Somewhat proven advice that's not sure-fire or necessarily safe.
In other words – intentionally go without any other people to a bar and enjoy drinks sans the planned company of others. Sorry. The first time I told someone to do this they said, “what do you mean?!”
Here’s how and why it works:
- Pick a spot with a long bar you know will be fairly crowded with the type of people you like at a reasonable hour on a weeknight that people go out. I'd do Barrow Street Ale House. Thursday. 7pm. You get an after the happy hour crowd of people still drinking but not black out. So, the fun ones.

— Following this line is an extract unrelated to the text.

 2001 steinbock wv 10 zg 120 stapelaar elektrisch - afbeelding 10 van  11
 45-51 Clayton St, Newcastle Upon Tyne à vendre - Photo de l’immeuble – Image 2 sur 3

- Sit at the bar and order something respectable (read: not pink). Tip the bar tender well. If the first person who sidles up is a douche, you want the ‘tender in your corner. I can also pay off to strike up a convo with him/her. Could turn into group talk with the bar sitters. Huge move.
- Engage in some form of banal activity that prompts curiosity but not intimidation. I'd go pages of whatever side-writing I’m working on and a little notebook. I’m casually reading and jotting things down while maintaining a look of coy openness to the question, “what’s that you’re working on? Other options: weekly news magazine, movie script (www.imsdb.com), book with lots of pictures you just bought. Not options: sudoku, your blackberry, nailpolish.
- Set a time or drink limit and do not move. Your mantra: this is not weird. Think of the bar as a much-more-fun coffee shop. You would have no problem at all sitting alone at a Starbucks sipping coffee and reading the paper (if you would, get over it). The bar is like Starbucks but people get drunk, feel bold, and talk to each other. It does not matter why you are there alone and is not wrong that you are. But if someone wants to know what your story is, they can ask. Mission accomplished.
- You and your four best friends dressed up on a Friday night in a crowded, sweaty bar filled with a dime-a-dozen groups just like you is just bad odds. Dating is a numbers game. Put them in your favor.
- While this is not weird (keep saying it) people don’t traditionally do it thus when they do it's noted and interesting to people who respect confident, interesting people. These are the people you want to meet slash be.
- What do you have to lose? Right. We've been through this. The answer is: the cost of 1-3 beers, pride if you happen to run into an ex, and time if it doesn't work out. But remember - bars aren't just filled with people who might have date offers. They also feature people who offer jobs, apartments, or good advice. Hardly a waste.
Yes I realize this seems contrived. That’s because it is. There are lots of less contrived ways to meet people if you'd prefer. Popular examples include staring them down from across a party, winking at them from match.com, and telling your friends you really really want to meet them.